The task -
In the records below, find the line with "Black Cat Christmas", then copy each line exactly until you have copied the line with "White gold Fancy". Leave any picture out.

_ _ _ _

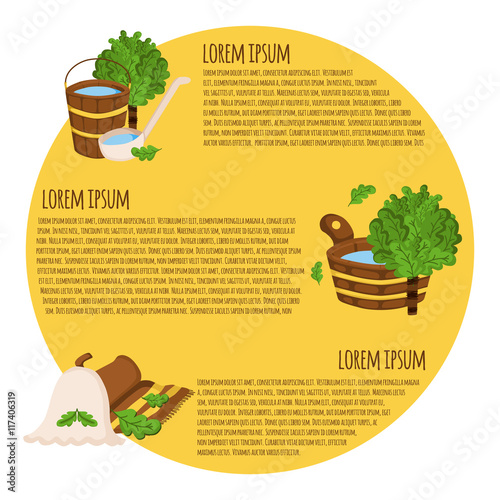 Cartoon spa sauna relax concept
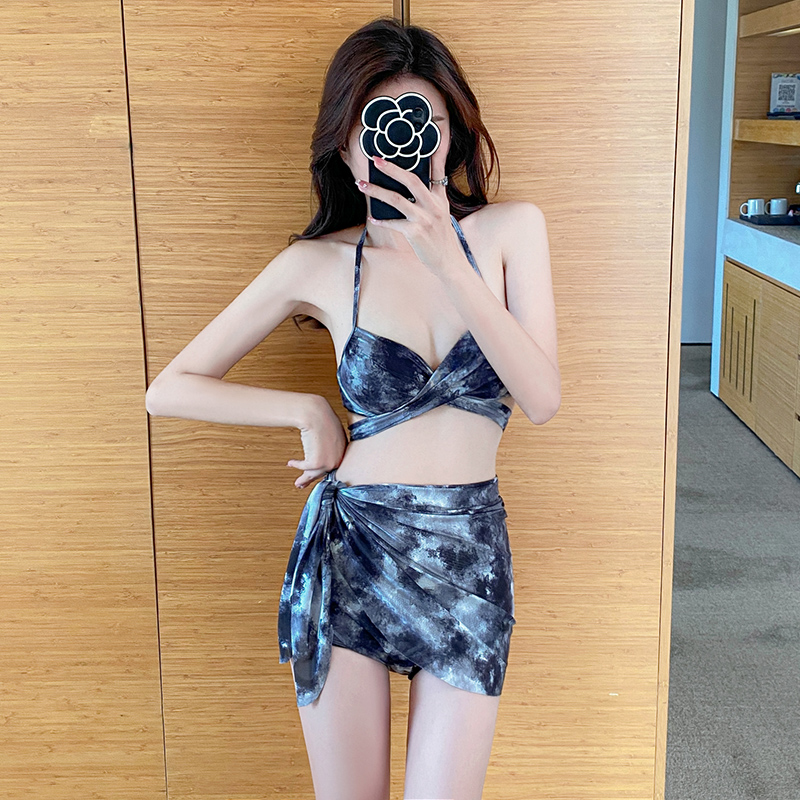 扎染比基尼三件套小胸聚拢性感网红纯欲遮肚显瘦2025新款泳衣女夏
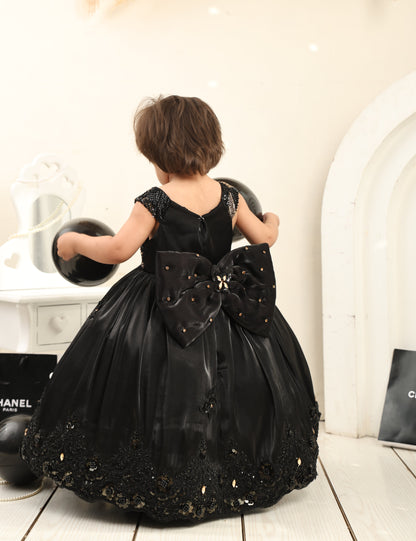Black & Gold Sequin Ball Gown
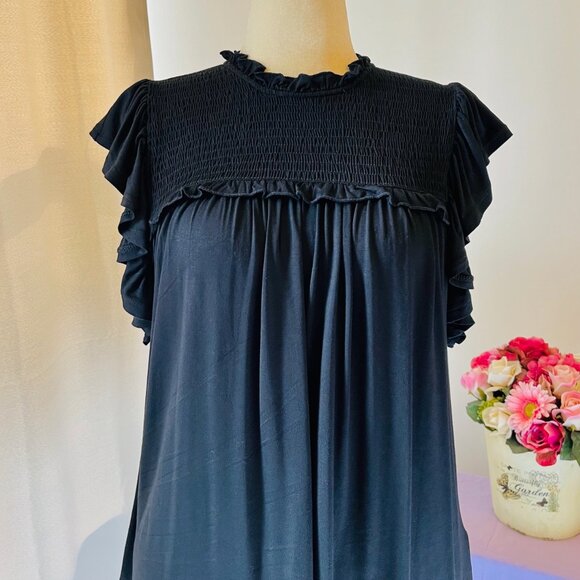 Cable & Gauge Black Short Sleeve Blouse with Frills & Smocking (L) New with Tag - Picture 4 of 7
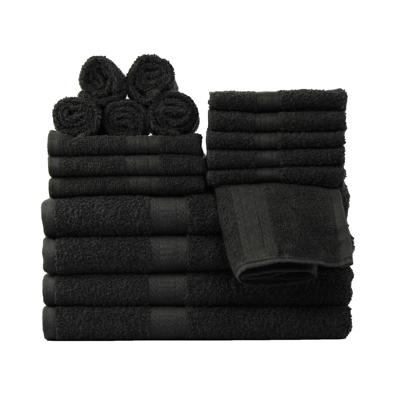 Mainstays 18-Piece Cotton Towel Set Black including Bath, Hand, and Washcloths - Walmart.com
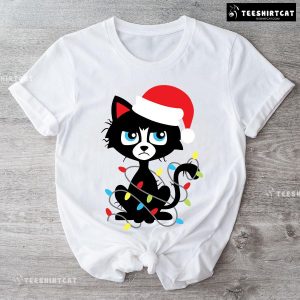 Black Cat Christmas With Santa Hat And Fairy Lights T-Shirt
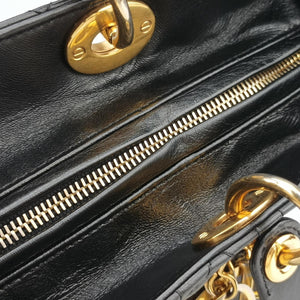 Pre-owned Christian Dior Lady Dior Black lambskin shoulderbag | stylenewstar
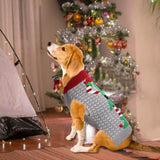 AXIIJGL Dog Christmas Costume Elf Outfit for Dogs with Leash Hole Small Dog Christmas Outfits Pullover Gray Clothes for Dachshund Chihuahua Frenchie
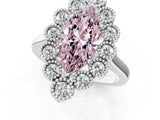 White gold Fancy Pink Marquise  Halo Diamond Cluster Engagement Ring with Milgrain Bezel Setting and Solitaire Band_58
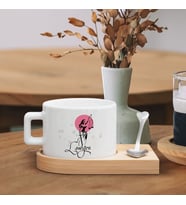 BK Gift Kişiye Özel İsimli Avukat Tasarımlı-8, Ahşap Altlıklı Seramik Fincan, Meslek Hediyesi, Yeni İş Hediyesi
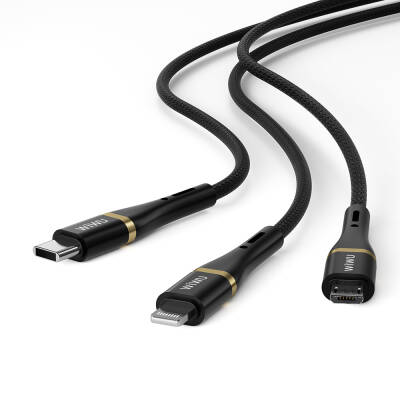 Wiwu Wi-C024 Elite Serisi 3in1 Type-C to Lightning – Type-C – Micro USB Ultra Hızlı Şarj Kablosu 100W 1.2M - 5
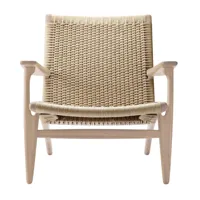 carl hansen - fauteuil ch25 structure chêne - chêne savonnée/tresse fils de papier naturel/lxpxh 71x73x73cm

_ _ _ _

Reply to the exercise -
 Black Cat Christmas With Santa Hat And Fairy Lights T-Shirt
 Pre-owned Christian Dior Lady Dior Black lambskin shoulderbag | stylenewstar
 AXIIJGL Dog Christmas Costume Elf Outfit for Dogs with Leash Hole Small Dog Christmas Outfits Pullover Gray Clothes for Dachshund Chihuahua Frenchie
 White gold Fancy Pink Marquise  Halo Diamond Cluster Engagement Ring with Milgrain Bezel Setting and Solitaire Band_58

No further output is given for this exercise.